Assigned task:
Where the line holding "- 彩色 - 查看 6" appears, start copying, and continue exactly through the last line of the listing, skipping pictures.

Information provided:
>>>
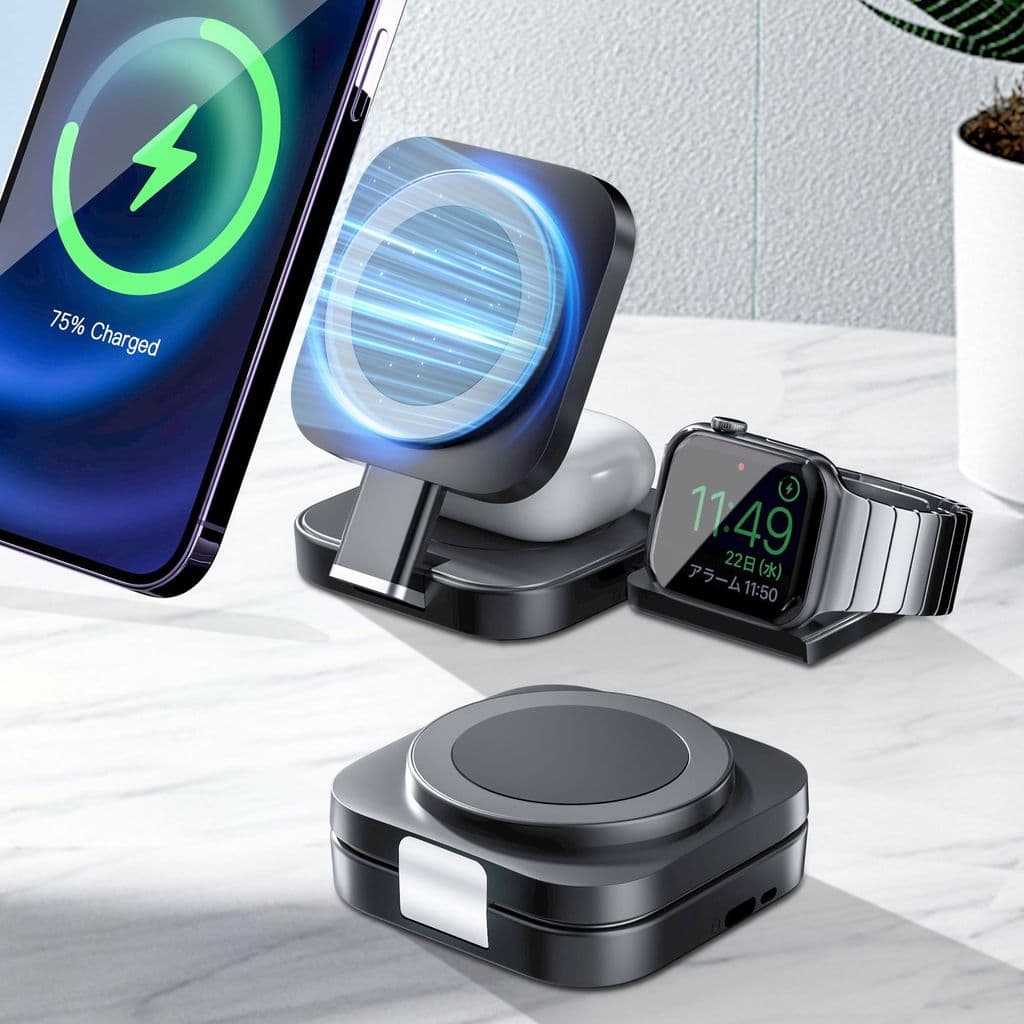 Desktop três-em-um carregador sem fio sucção magnética adequado para Apple três-em-um suporte de carregamento sem fio re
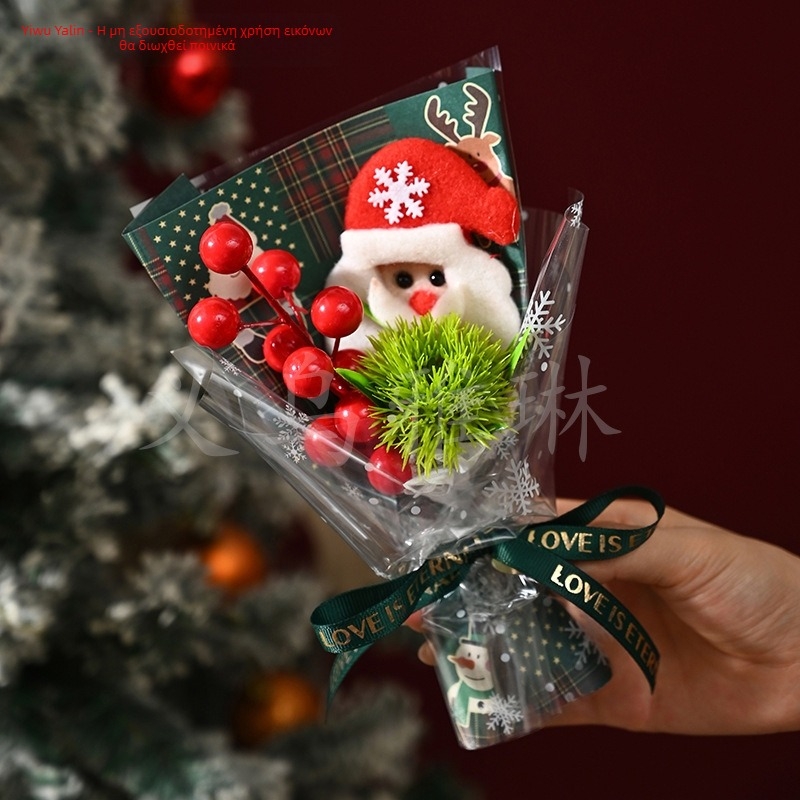 Μπουκέτο αποξηραμένων λουλουδιών με Αγιο Βασίλη, SD001, 20 g, χειροποίητη διακόσμηση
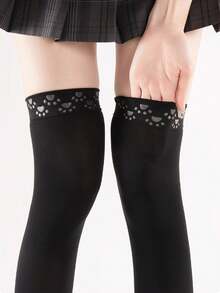 1双春秋黑白硅胶防滑加长过膝袜,女士显瘦JK袜40/50/70cm加长袜,天鹅绒大腿袜,可爱黑白猫爪防滑小腿过膝袜,百搭显瘦透气纯美学院风 - 彩色 - 查看 6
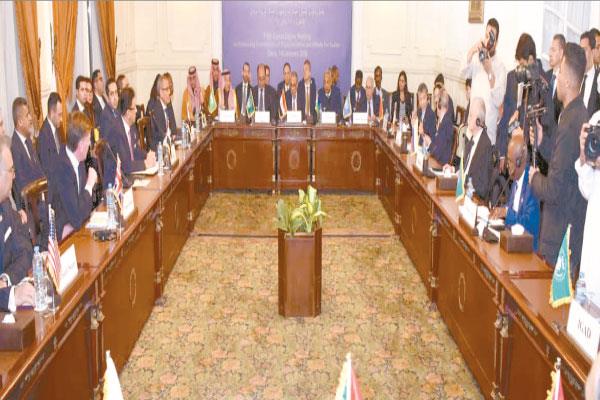 د. بدر عبد العاطى وزير الخارجية خلال اجتماع الآلية التشاورية لتنسيق جهود السلام فى السودان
<<<
Answer space:
 1双春秋黑白硅胶防滑加长过膝袜,女士显瘦JK袜40/50/70cm加长袜,天鹅绒大腿袜,可爱黑白猫爪防滑小腿过膝袜,百搭显瘦透气纯美学院风 - 彩色 - 查看 6
 د. بدر عبد العاطى وزير الخارجية خلال اجتماع الآلية التشاورية لتنسيق جهود السلام فى السودان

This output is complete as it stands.